As with federal education loans, lenders rarely settle private student loans for less than the principal balance of the loan. A good starting point is to offer to pay the principal balance plus half of the accrued but unpaid interest.
It is best if the borrower negotiates directly with the lender, instead of using an intermediary. Some lenders are less accommodating if they are approached by an attorney negotiating on behalf of the borrower. However, the borrower should still seek the advice of an attorney and have the attorney review the final settlement agreement before signing it.
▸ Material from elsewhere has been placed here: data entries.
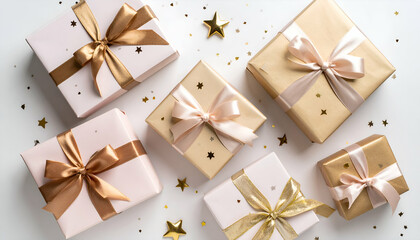 flat lay of birthday presents with bows, stars and glitter confetti, top-down angle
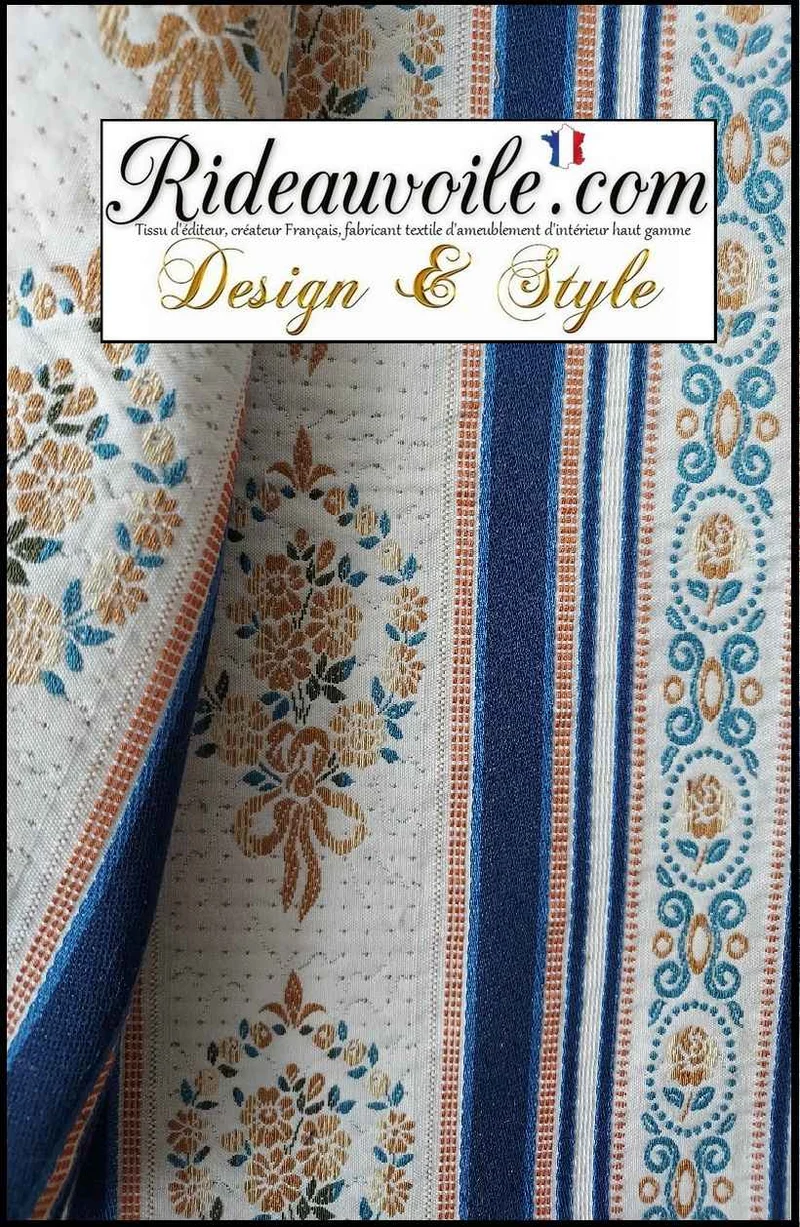 Tissu ameublement tissage ancien vintage rayures fleuries bleu mètre rideau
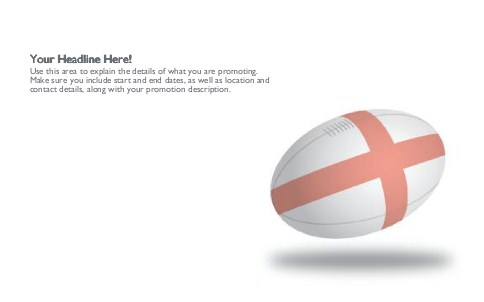 English Rugby Ball Full Colour Oversized Postcards
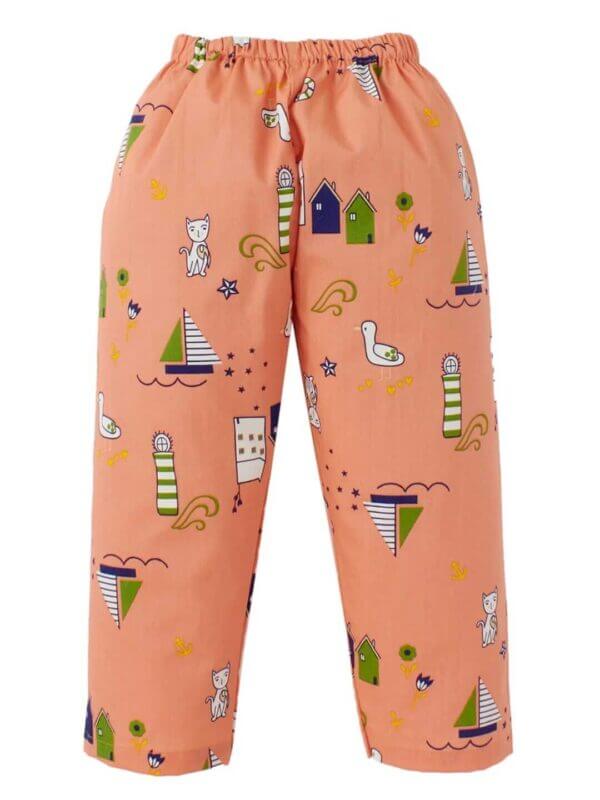 Kids Sleepsuit for Baby Boy’s and Girl’s Topwear and Pajamas Set Long Sleeve Sleepwear Baby Clothing Sets - Peach Swan Print - Image 5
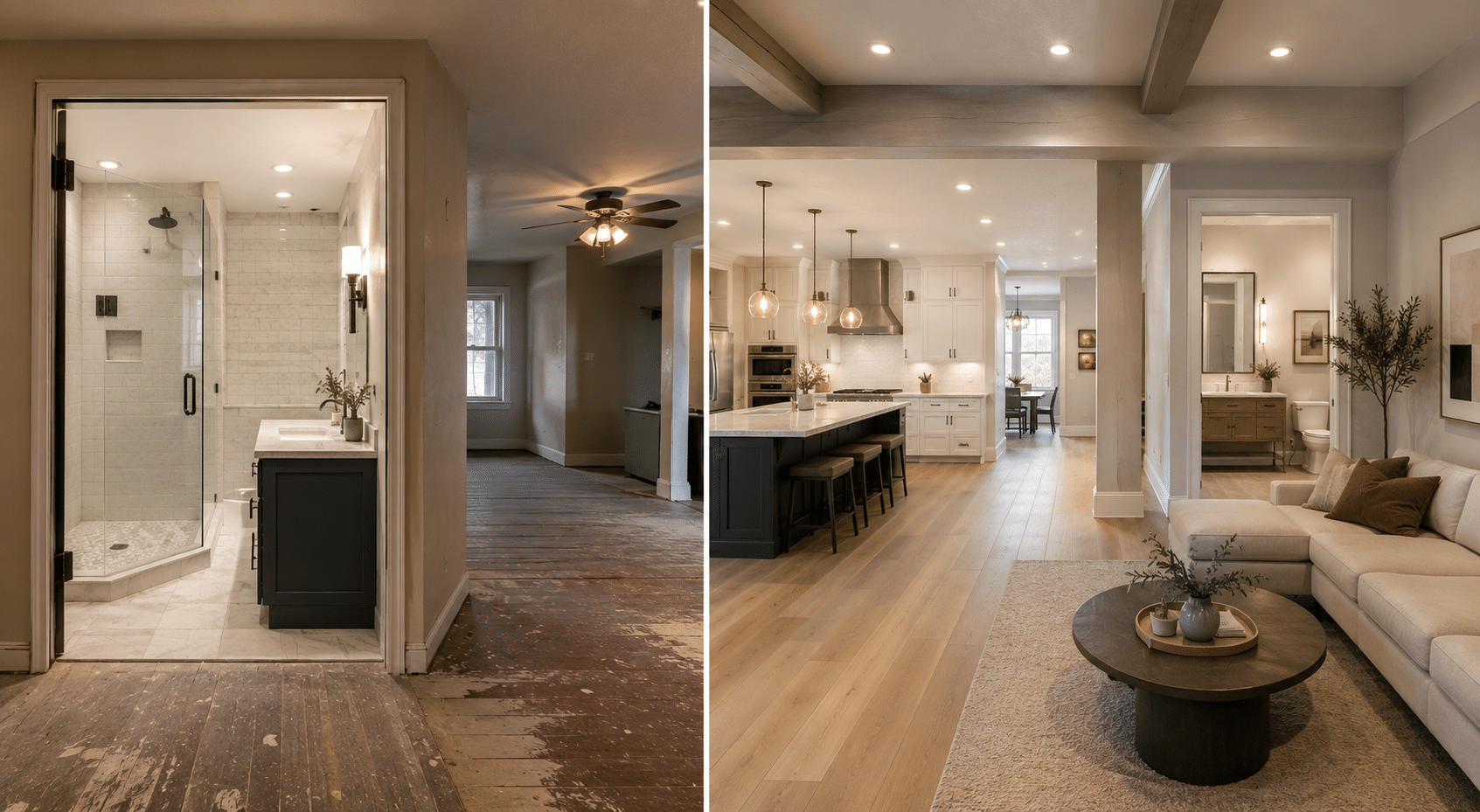 A modern bathroom with a glass shower, adjacent to a stylish open-concept living space featuring a kitchen and comfortable seating area.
Beware of private firms offering to settle defaulted federal education loans for a fee. Some such firms prey on borrowers who are desperate for financial relief. Borrowers can pursue a settlement and alternate repayment plans through the collection agency, the holder of the loan or the U.S. Department of Education’s Default Resolution Group on their own.
Similar issues arise with private firms offering to consolidate federal education loans for a fee. These firms are charging a fee for something that is provided by the federal government for free. Borrowers can consolidate federal education loans on their own for free, by visiting StudentLoans.gov. They can do this even if they have previously consolidated their loans. (Since July 1, 2010, lenders in the Federal Family Education Loan Program can no longer make federal consolidation loans, but borrowers can still consolidate their loans into the Direct Loan program. Once the loans are in the Direct Loan program the borrower can choose to repay them in the income-based repayment plan.)